The International Guy
Like most major QS events, the field is a virtual Small World Disney ride of gents repping every flag around the globe -- that is, every flag for countries with coastlines. And while the same goes for the Volcom Pipe Pro, what's different about this event is how difficult a break Pipeline is to practice at, pre-heat. Specifically, with catching waves. Thus, what makes the Pipe Pro so interesting is how a jersey clears the slate and a guy from Morocco or Costa Rica has the same chance at getting a bomb out there as a 20-year local. Many times, as in the case of Uruguay's Marco Giorgi, who advanced to the Semifinals last year, an unknown soldier will surprise the world (and, probably himself) at the event. For the lesser-known international guy, the Volcom Pipe Pro is your chance to prove yourself at one of the world's greatest waves, and perhaps, put your country on the world tour's map.
The Pipeline Loyalist
This is the deadly chunk of Volcom Pipe Pro competitors that literally make a living out of surfing Pipeline. Winter after winter, these are the guys that have worked their way up from the bottom of Pipe's notorious pecking order, taken the beatings, sustained the injuries, learned the break's intimate intricacies and gotten hours worth of tube time at this iconic break. Most of these men are from Hawaii, and most aren't necessarily trying to qualify for the CT. It's guys like Jamie O'Brien, Mikey Bruneau, Koa Rothman and Danny Fuller, all of whom who are totally capable of finaling and even winning. To a Pipeline Loyalist, the Volcom Pipe Pro means a chance at proving to the world that they can beat the world's very best surfers at the world's very best wave.
The Underground Guy
While this sub-genre might blend a little with the Pipe Loyalist, you can't deny that year after year, there's a whole lotta names in the draw that you might not recognize outside of Hawaii. These are underground heavies from Oahu's North Shore, east, west and south shores, combined with outer-island names that have been crushing it at Pipeline for decades. What's the Volcom Pipe Pro mean to these guys? Besides a chance to surf Pipe with three others, probably a good way to turn that "underground" title into something a bit more recognizable with the right wave.
The Underage Grom
These are the green adolescent grommets that have a chance in front of the whole world stage to shine -- and step up to the plate. These are the kids in the recent past like Parker Coffin, Griffin Colapinto, Jack Robinson and Finn McGill who found themselves in very proper Pipeline, were in position for a 10-foot tee-pee and threw themselves over the ledge.
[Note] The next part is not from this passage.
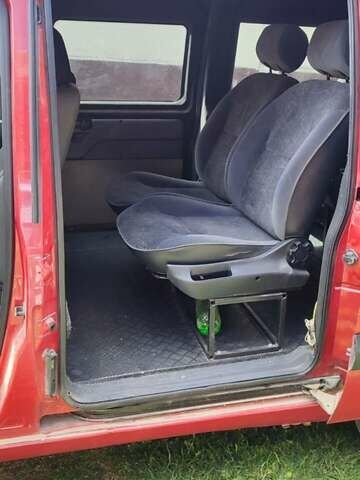 Красный Ситроен Jumpy, объемом двигателя 1.9 л и пробегом 275 тыс. км за 3700 $, фото 19 на Automoto.ua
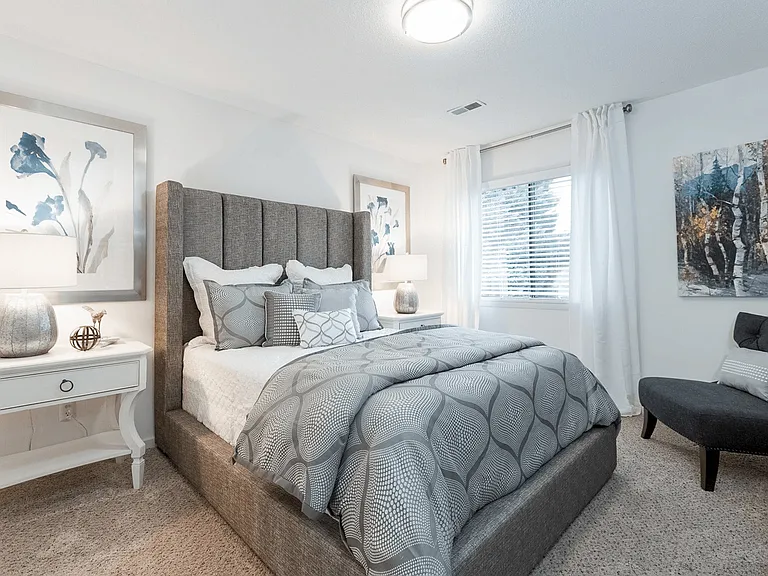 Regency Park Apartment Homes — Photo 16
To these guys, the Volcom Pipe Pro is an opportunity, whether they know it or not, to transform from boy to man over a million different screens.
The Modern Icons
These are the guys that have been around the block and still continue to blow minds. Guys like Bruce Irons who've actually won the event (before it was the Volcom Pipe Pro) and continually Final. Perpetual Triple Crown threats like Myles Padaca or guys like Takayuki Wakita who actually have a section of Pipeline named after their heroics (Wakita's Bowl). To the modern icons, the Volcom Pipe Pro is another opportunity to flex and show the up-and-comers that just because they may have been a big deal 15 years ago, doesn't mean they still don't got it. Because they do.